People would always ask me if I was adopted or if I was a step child, and this reinforced my feeling that I didn't fit in.
If other people could see that I didn't fit in, then plainly I didn't.
My Mom and Dad got divorced and at one point I found out that he wasn't paying child support for me, even though his name was on my birth certificate. I began to feel so guilty for any money that my struggling single mom spent on me.
I have always struggled with feeling like I wasn't supposed to be me and that I was an inconvenience being who I was. I discovered later in life that my Dad didn't know that I wasn't his child until a few years after I was born. Was that a factor in their divorce? I don't know. I always felt like my grandparents on his side resented me. And why shouldn't they? My mother had "trapped" their son into marriage. I felt like his whole family hated me.
I also wondered about my bio-dad. Why he never wanted visitation with me. I resented him as well. My mother had got pregnant with me when she was 19 and I found out my bio-dad had been 40 at the time. So much older, that worried me. Had he taken advantage of her? Hurt her? I still don't know. I've worked up the courage a handful of times to ask my mom about him, but those are always the hardest conversations that I've ever had. She always says a few nice things about him. That I was meant to happen.

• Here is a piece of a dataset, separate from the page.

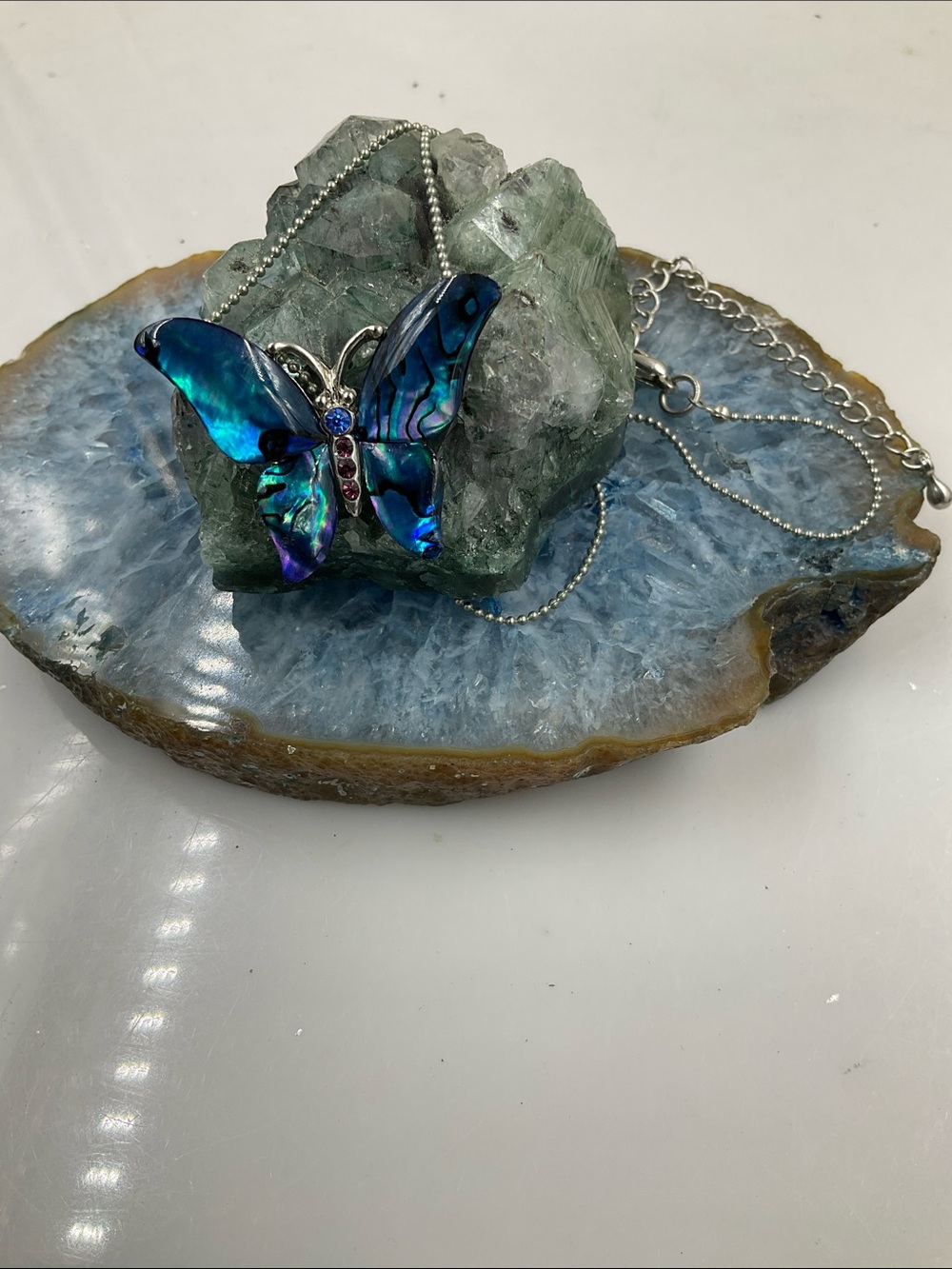 18”Silver Necklace With Abalone Shell Blue Iridescent Butterfly Pendant - Picture 7 of 9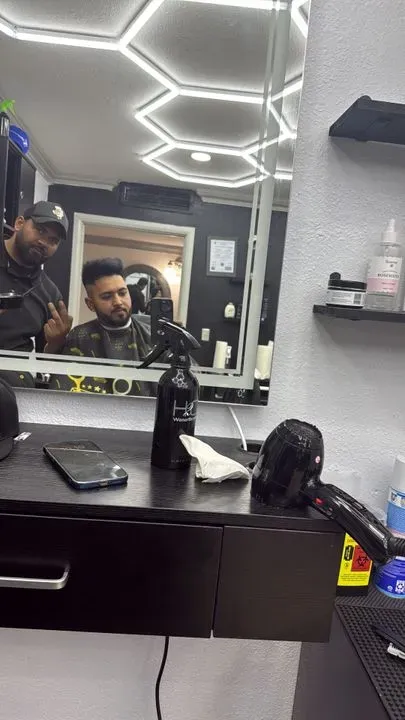 https://cdn.salonspotlight.com/photos/BE8ym6Ho50nkJDMWw95N/042930b8-d23c-4316-807d-39a86f296d7a_720x720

Two years ago I wrote my bio-dad a letter for the last time. I told myself that if he didn't respond then I would let it go forever. Six months later I got a Christmas Card and a photograph of him.
I had waited 25 years to see his face and when I finally did, something clicked inside of me and I knew that the journey was over.
It was too late for me to forge a bond, to get back 25 years of not knowing him. He's almost 70 years old now. I know that I might not be able to change my mind in ten years, or twenty years, and I feel at peace with that decision.
I still struggle with how I felt growing up, and there's still a lot of things that I haven't dealt with. However, it has made me into the person I am today and I know that I will find those paths to healing when I need to find them. One step at a time.